I love application failures – said no one ever.
Anyone interacting with your company’s business systems expects their transactions to “just work.” If the system hangs or spits out some cryptic error message while they’re trying to complete whatever task they had in mind, you might have lost a customer.
Given that today’s applications typically have over 50 dependencies, there’s a good chance the complexities of integrating so many, and so varied, different technologies and systems could indeed result in these kinds of application failures. Ideally, these issues are exposed and eliminated before the software is released. However, actually testing the integrations presents quite a challenge.
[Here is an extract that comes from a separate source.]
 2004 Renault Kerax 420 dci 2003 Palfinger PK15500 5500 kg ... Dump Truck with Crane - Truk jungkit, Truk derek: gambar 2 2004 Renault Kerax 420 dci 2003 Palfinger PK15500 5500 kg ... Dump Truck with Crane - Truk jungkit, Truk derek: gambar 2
How do you validate your application’s interactions with systems that are often:
- Unreliable, evolving, or not yet completed
- Beyond your scope of control (e.g., operated by another company or division
- Available for testing only in limited capacity or at inconvenient time
Just to name a few. You can see the full list in my last blog post, here.
In our recent webinar, ‘Test-driven Service Virtualization’, now available on-demand. Tricentis product manager Alexander Mohr talks about how service virtualization helps testers boost test automation by simulating dependencies such as third party services. This helps testers keep pace with Agile and DevOps demands.
During the webinar, Mohr stressed a number of situations where service virtualization could “shift left” testing, improve team collaboration, and allow the team to integrate end-to-end testing into a CI/CD environment for Continuous Testing. He also outlined a few situations where a simpler approach, such as stubbing, might be a better fit.
How do you decide the scope of simulation (stubs, basic service virtualization, or advanced service virtualization) that best fits your specific needs? Ask yourself these questions:
- Where do we start?
- Do we need all data?
- Do we need all services?
- Do we need all variants?
- Do we need simple Request/Response-pair or full End-to-End processes covered?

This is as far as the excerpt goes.